Whilst you can (and should) critical friend challenge strategic suppliers on any of their areas or their ideas you do not think have clarity, to tamper with that freedom during the implementation process could result in two things, neither of which you would wish for.
Firstly, it is possible that you could stifle the creativity which could have led to a better outcome. If your supplier is ‘being directed’, whether through a desire to build a better/early working relationship or misplaced hierarchical duty, to make decisions that are against their better judgement, then you are robbing your project of the expertise you’re paying your supplier for.
And secondly, you could well be undermining the legal protection your supplier’s ‘duty of care’ and ‘duty to warn’ affords you.
4. A Fair Price is Better than a Low Price
Negotiations are often considered to be a game that must be won by one side or the other.
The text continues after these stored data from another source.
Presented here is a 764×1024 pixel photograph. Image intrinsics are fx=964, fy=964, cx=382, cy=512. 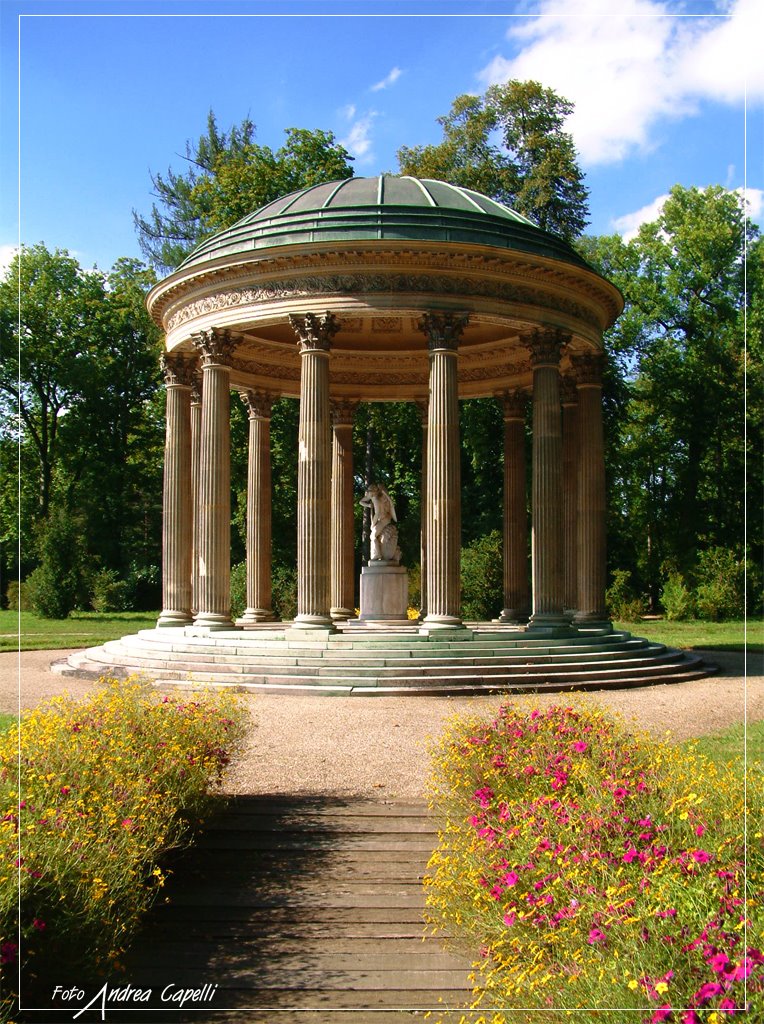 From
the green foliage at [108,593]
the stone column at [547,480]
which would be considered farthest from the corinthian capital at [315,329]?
the green foliage at [108,593]

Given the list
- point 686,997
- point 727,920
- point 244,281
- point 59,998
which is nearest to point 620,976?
point 686,997

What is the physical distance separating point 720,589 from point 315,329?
1395 inches

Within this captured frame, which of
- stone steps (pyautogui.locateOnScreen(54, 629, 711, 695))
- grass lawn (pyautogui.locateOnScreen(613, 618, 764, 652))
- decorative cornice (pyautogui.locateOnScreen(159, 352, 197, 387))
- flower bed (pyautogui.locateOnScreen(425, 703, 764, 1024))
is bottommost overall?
grass lawn (pyautogui.locateOnScreen(613, 618, 764, 652))

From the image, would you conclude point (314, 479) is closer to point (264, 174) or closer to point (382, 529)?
Result: point (382, 529)

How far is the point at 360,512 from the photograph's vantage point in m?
60.0

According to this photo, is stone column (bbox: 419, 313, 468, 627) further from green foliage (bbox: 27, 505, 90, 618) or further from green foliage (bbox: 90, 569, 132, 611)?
green foliage (bbox: 90, 569, 132, 611)

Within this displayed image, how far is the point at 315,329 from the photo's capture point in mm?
28234

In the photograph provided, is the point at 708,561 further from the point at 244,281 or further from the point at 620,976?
the point at 620,976

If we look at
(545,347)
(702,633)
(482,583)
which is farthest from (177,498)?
(702,633)

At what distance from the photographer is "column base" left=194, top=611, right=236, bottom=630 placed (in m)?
30.0

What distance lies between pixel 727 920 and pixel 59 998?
17.6 ft

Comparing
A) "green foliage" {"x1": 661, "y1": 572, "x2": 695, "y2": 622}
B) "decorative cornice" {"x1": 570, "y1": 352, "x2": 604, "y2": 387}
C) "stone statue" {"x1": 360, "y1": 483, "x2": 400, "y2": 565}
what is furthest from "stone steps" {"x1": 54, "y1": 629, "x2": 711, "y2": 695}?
"green foliage" {"x1": 661, "y1": 572, "x2": 695, "y2": 622}

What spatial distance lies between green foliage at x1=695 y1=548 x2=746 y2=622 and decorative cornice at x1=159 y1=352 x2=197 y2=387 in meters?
34.1

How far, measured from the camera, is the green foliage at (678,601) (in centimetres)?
5522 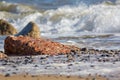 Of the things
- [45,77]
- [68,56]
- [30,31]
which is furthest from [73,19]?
[45,77]

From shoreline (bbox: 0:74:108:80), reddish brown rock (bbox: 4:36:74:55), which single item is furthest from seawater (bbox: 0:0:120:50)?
shoreline (bbox: 0:74:108:80)

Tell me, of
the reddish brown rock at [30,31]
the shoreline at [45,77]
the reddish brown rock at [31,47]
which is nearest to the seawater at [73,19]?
the reddish brown rock at [30,31]

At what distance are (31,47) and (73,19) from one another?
11.1 meters

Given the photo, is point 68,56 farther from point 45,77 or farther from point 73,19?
point 73,19

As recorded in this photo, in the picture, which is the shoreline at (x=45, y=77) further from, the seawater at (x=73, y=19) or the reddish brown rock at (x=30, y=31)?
the reddish brown rock at (x=30, y=31)

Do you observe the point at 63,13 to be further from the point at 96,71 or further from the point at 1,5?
the point at 96,71

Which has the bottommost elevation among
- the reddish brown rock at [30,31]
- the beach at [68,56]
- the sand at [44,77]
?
the sand at [44,77]

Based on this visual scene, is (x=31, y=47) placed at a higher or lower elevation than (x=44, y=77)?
higher

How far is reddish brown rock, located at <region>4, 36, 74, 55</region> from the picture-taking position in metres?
9.82

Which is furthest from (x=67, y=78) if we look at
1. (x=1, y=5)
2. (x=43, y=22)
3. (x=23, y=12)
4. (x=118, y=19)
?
(x=1, y=5)

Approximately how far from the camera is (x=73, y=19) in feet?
68.5

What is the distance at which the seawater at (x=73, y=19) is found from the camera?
13.9m

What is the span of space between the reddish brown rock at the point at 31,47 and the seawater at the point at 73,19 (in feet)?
5.14

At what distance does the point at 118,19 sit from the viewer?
59.0 ft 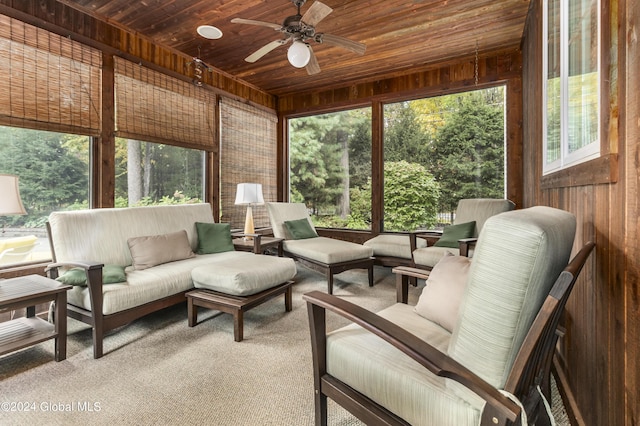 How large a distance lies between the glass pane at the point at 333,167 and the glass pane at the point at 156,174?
181 centimetres

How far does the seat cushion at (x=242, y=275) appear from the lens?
7.93 feet

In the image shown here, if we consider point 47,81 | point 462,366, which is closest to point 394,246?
point 462,366

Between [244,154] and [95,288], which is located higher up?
[244,154]

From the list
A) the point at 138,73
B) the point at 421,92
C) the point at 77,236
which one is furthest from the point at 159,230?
the point at 421,92

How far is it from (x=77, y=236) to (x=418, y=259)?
3125 mm

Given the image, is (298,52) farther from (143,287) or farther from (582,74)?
(143,287)

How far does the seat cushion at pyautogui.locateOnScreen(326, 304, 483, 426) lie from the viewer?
3.14ft

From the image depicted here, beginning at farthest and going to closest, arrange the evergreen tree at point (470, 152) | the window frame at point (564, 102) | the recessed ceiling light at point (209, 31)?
1. the evergreen tree at point (470, 152)
2. the recessed ceiling light at point (209, 31)
3. the window frame at point (564, 102)

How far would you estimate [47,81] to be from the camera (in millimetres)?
2793

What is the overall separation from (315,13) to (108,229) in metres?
2.46

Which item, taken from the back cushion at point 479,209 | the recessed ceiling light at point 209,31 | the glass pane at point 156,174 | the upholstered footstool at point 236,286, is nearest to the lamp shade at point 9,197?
the upholstered footstool at point 236,286

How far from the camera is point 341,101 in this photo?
17.0ft

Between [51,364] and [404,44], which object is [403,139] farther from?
[51,364]

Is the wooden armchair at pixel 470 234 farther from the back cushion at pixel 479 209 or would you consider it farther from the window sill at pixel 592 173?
the window sill at pixel 592 173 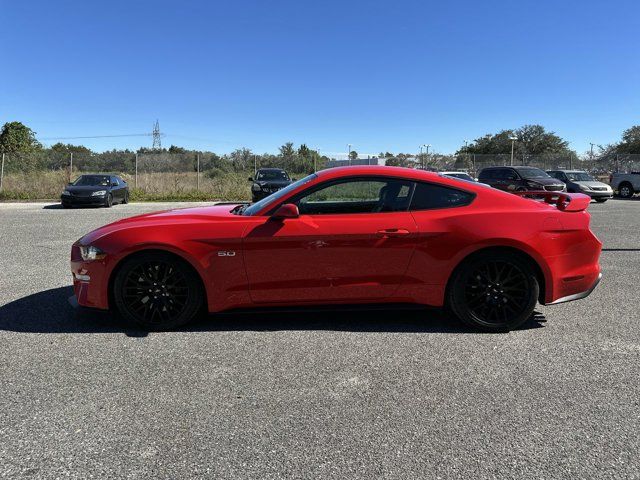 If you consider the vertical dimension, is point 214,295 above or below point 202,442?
above

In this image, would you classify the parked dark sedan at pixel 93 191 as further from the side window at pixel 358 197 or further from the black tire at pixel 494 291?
Answer: the black tire at pixel 494 291

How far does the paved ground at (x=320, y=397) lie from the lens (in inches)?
94.0

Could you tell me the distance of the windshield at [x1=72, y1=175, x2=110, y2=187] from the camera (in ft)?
59.1

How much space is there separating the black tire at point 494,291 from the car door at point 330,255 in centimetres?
55

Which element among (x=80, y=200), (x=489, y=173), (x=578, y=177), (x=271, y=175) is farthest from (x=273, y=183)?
(x=578, y=177)

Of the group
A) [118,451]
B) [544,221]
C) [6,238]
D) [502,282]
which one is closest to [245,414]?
[118,451]

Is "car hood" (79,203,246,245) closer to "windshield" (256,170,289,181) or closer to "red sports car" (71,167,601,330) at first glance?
"red sports car" (71,167,601,330)

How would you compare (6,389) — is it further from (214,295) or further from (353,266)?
(353,266)

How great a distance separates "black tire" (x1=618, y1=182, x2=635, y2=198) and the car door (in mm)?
26516

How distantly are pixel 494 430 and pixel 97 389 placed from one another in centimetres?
247

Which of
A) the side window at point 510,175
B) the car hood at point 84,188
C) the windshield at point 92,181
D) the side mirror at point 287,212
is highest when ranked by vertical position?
the side window at point 510,175

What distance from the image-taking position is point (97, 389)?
3.14 m

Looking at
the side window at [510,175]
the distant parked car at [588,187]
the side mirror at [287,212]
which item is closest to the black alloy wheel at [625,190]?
the distant parked car at [588,187]

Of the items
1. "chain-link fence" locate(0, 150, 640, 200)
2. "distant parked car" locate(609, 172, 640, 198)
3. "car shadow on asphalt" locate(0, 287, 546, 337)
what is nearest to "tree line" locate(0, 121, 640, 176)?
"chain-link fence" locate(0, 150, 640, 200) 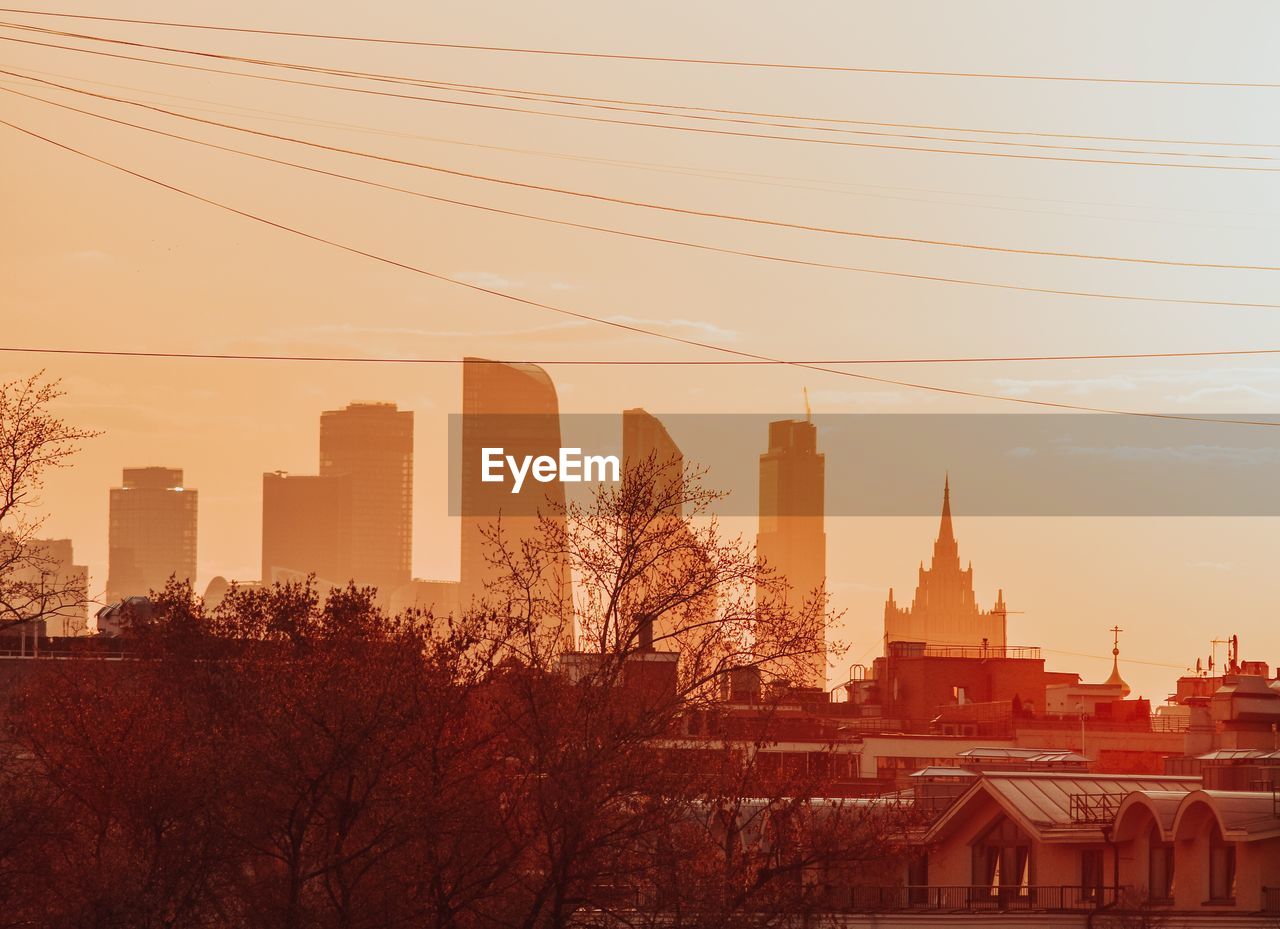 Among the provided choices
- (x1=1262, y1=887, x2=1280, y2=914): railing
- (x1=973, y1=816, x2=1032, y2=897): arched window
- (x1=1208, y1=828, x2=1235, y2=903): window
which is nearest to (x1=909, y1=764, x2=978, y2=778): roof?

Play the game hard and you beat your opponent down to the lowest price possible, so you win, right? Evidence from over 500 successful complex supplier relationships, determines that this approach is highly unlikely to get you to a great outcome.
There is a fine line between a price that is acceptable and still encourages the best from your supplier and one that, over time, can result in a lack of interest, innovation and commitment from them. This negative motivational creep is something many will have witnessed, with suppliers placing their best people on the job initially, full of enthusiasm and ideas to make a good impression, only for them to be replaced by lesser individuals later on as the supplier struggles financially to keep on top of the project.
It is of course vital that you negotiate, but instead of considering it a binary win-lose position, remember that the victory you’re after comes from the long term relationship delivering on your outcome expectations.
5. If the Supplier Cannot Assure your Objectives, be Prepared to Walk Away
The decision to move forward with a project is one that should never be taken lightly. You may have spent a great deal of time and money putting together your business case, in early market engagement exercises, bringing stakeholders together and obtaining their buy-in. You will likely have become heavily invested in the procurement process, but you must always be prepared to walk away if that’s the right thing to do when there is a distinct lack of certainty and/or evidence your expectations are likely to be achieved.
The entire procurement process needs to be marked by periodic sanity checks to ensure that the reasoning that initiated the procurement is still as relevant and valid now as it was then. As more information is gathered, more perspectives incorporated into the planning and more guidance sought from expert suppliers, a clearer picture of what’s possible will be revealed. This may underline the need for the project, but it could also provide arguments that simply do not support the further progression of the project.
Conclusion
The subpostmaster’s victory in the High Court may well not be the end of this matter, as other private cases could still be in motion or be fuelled by the judgement in December. The DPP will still need to assess whether the Post Office or Fujitsu have a case to answer. Questions should be asked about why it has taken this long for subpostmasters to get their judgement and the treatment they received from the Post Office during the process.
Important lessons can be learned about choosing the right IT project partners, maintaining a close enough supplier relationship to see when things are going wrong, and the inescapability of the ramifications of institutional poor behaviour.